2 Factor Authentication at the desktop

Valued Contributor

Posit: Requiring 2 factor authentication (2FA) to log in to a workstation (and unlock the screensaver) is a fool's endeavor because of lost productivity, high support cost, and user disenfranchisement. 2FA on sensitive apps, databases, etc. makes sense.

Agree or disagree? Why?


Valued Contributor III

I agree, because no workstation should contain data that would require 2FA to access. You want to keep your boundaries as tight as possible.

Esteemed Contributor III

We were looking at this a few months ago but never pursued it.

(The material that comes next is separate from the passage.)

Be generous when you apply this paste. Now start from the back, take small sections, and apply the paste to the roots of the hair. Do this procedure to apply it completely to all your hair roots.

Thoughts? Not two factor, but pretty nifty.



New Contributor

I would love this if it was possible with out a support burden. I would love to see something like our Chromebooks behave. Login from login screen is MFA but wake/unlock is not.

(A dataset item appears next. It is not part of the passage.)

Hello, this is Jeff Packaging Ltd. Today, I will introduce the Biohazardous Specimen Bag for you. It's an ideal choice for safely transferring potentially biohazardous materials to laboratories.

To take it a step further, I would like to be able to set similar option as I get to do in Okta for MFA.

Lastly, If i could have some sugar on top, I want to do this all with out reliance on a traditional LAN-bound AD.


Contributor III

Agree. User facing systems will be better served by biometric ID. I'm sure Apple is just trying to figure out where on earth to put the TouchID sensor on a laptop :)

Valued Contributor

@psliequ So long as TouchID remains obscured from the enterprise software, that sounds ok to me. Employer may not have my fingerprint. But we digress.

At the end of the day, the device is mostly irrelevant from a security perspective. Secure data belongs in secure apps and/or cloud services (whether public or private). That's my position anyhow.

Contributor III

I was recently clued into MacID which in my own testing works very well. Sort of giving us biometric authentication on the Mac until such a sensor is baked into the hardware. Major advantage; you can auto lock the computer if the bluetooth signal of your iOS device goes below a certain dBm threshold.